─── Data extract
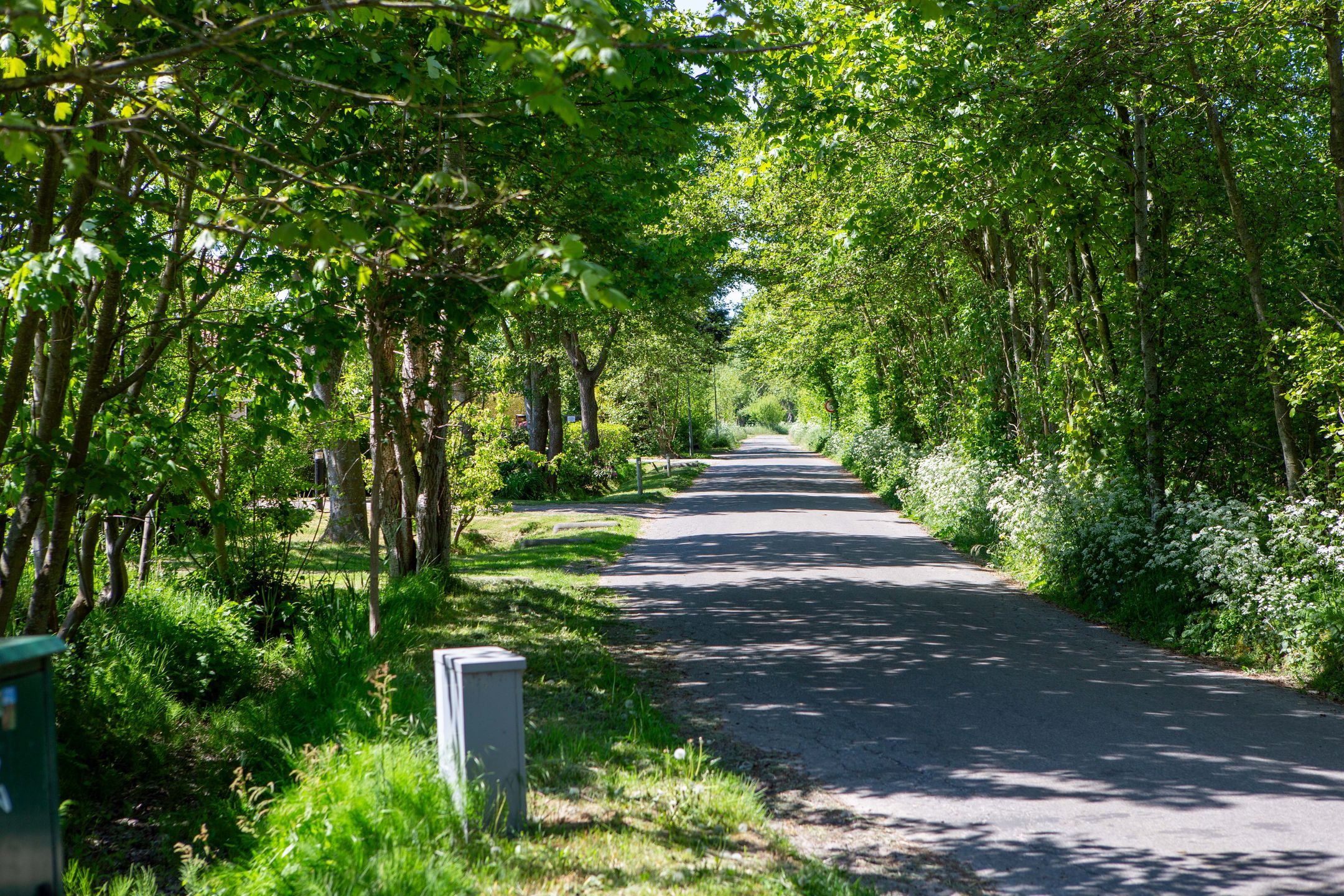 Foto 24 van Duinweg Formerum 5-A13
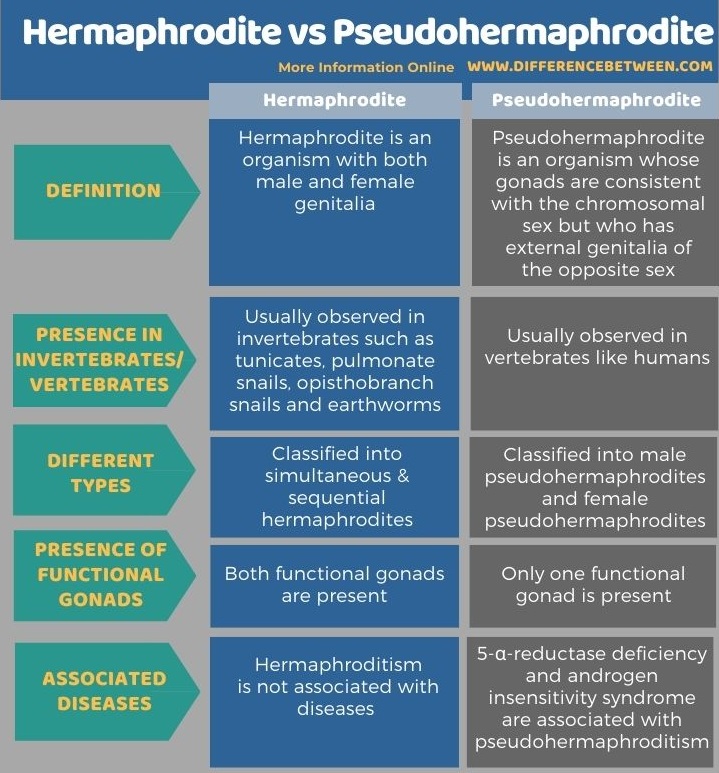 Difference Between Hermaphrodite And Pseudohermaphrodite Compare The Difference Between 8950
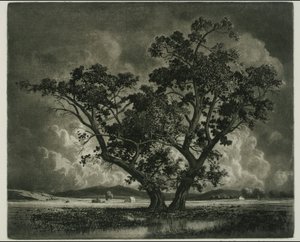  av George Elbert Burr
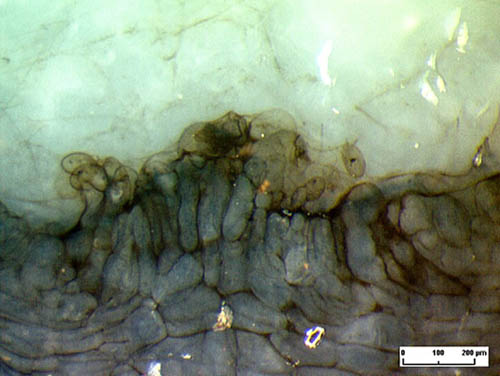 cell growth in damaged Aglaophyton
──────
Print the material verbatim; drop the pictures.

 Foto 24 van Duinweg Formerum 5-A13
 Difference Between Hermaphrodite And Pseudohermaphrodite Compare The Difference Between 8950
  av George Elbert Burr
 cell growth in damaged Aglaophyton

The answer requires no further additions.